## WORK REQUEST
Under this line are records; the part from the line containing "山西精美可爱的青蛙玻璃钢雕塑" through the line containing "New York Giants" should be repeated exactly. Please exclude pictures.

## RECORDS SUPPLIED
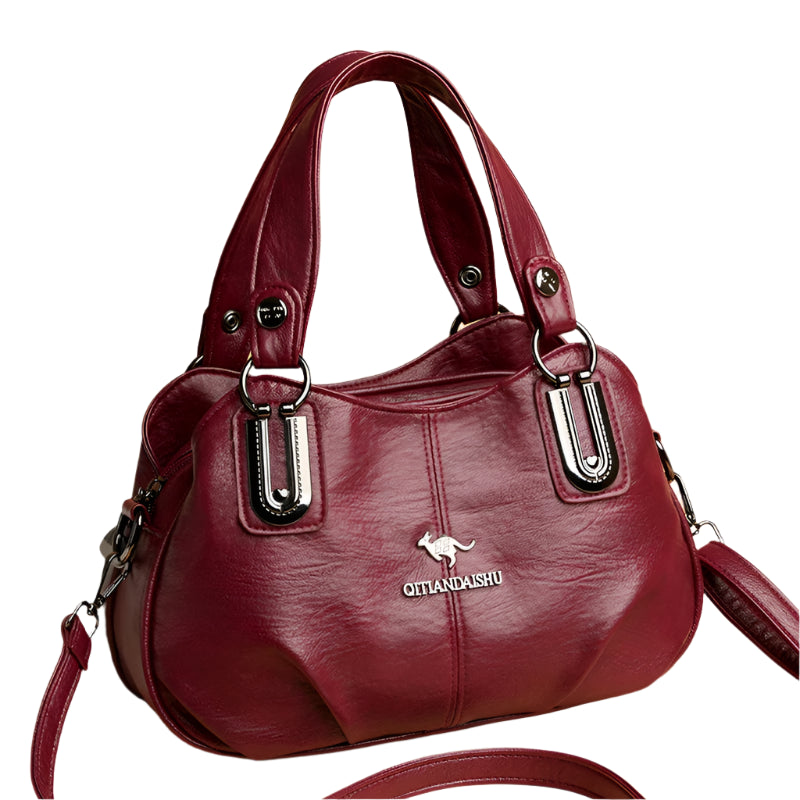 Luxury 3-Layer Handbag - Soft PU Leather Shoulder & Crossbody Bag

* * *

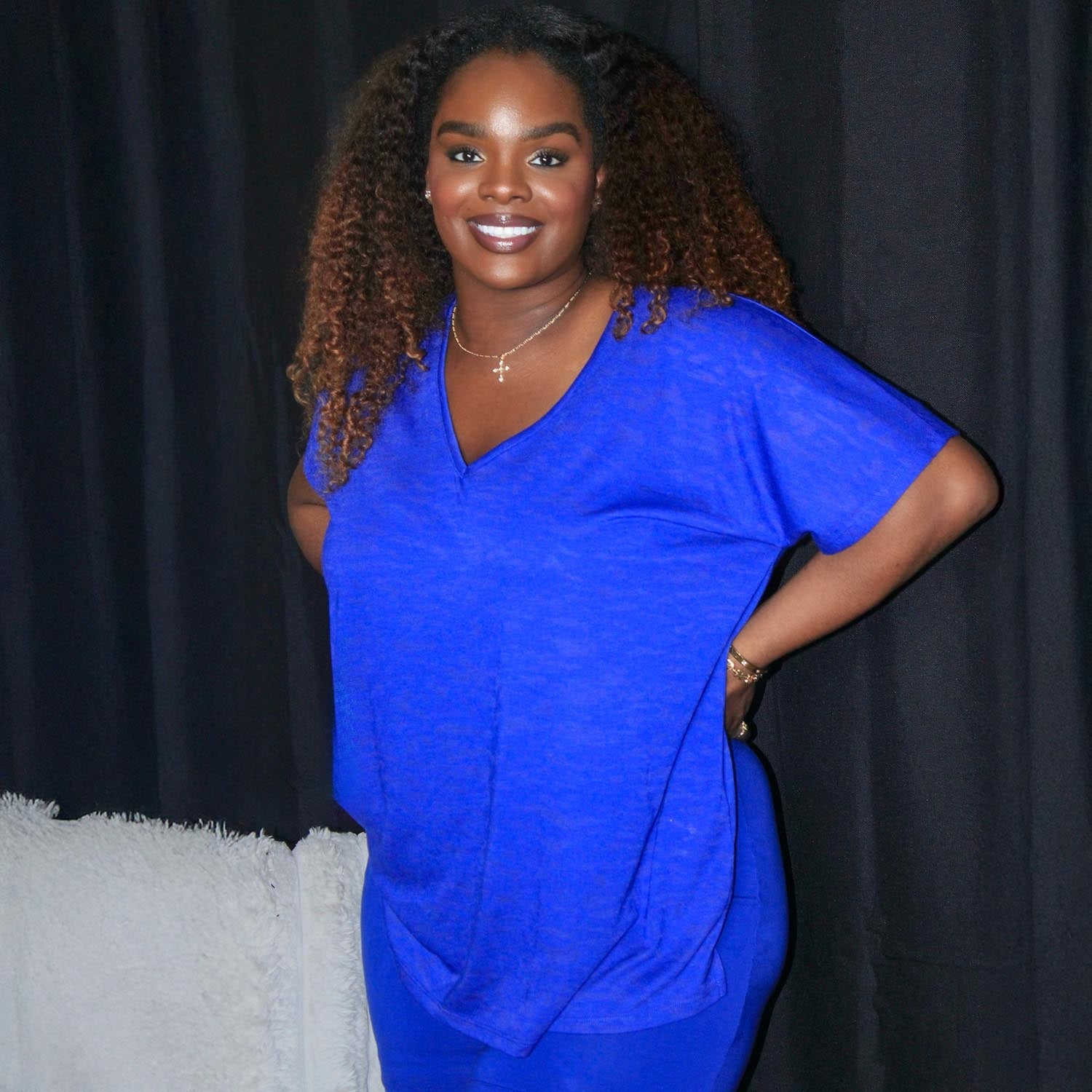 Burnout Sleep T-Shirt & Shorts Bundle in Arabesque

* * *

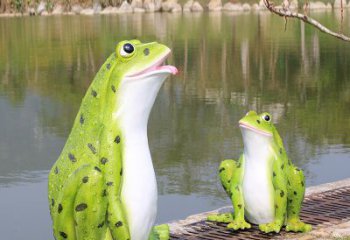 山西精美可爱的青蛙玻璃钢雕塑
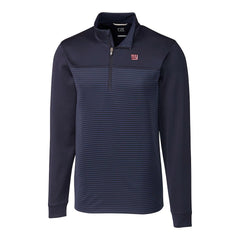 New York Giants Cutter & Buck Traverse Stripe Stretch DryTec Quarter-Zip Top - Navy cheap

## WORKED SOLUTION
 山西精美可爱的青蛙玻璃钢雕塑
 New York Giants Cutter & Buck Traverse Stripe Stretch DryTec Quarter-Zip Top - Navy cheap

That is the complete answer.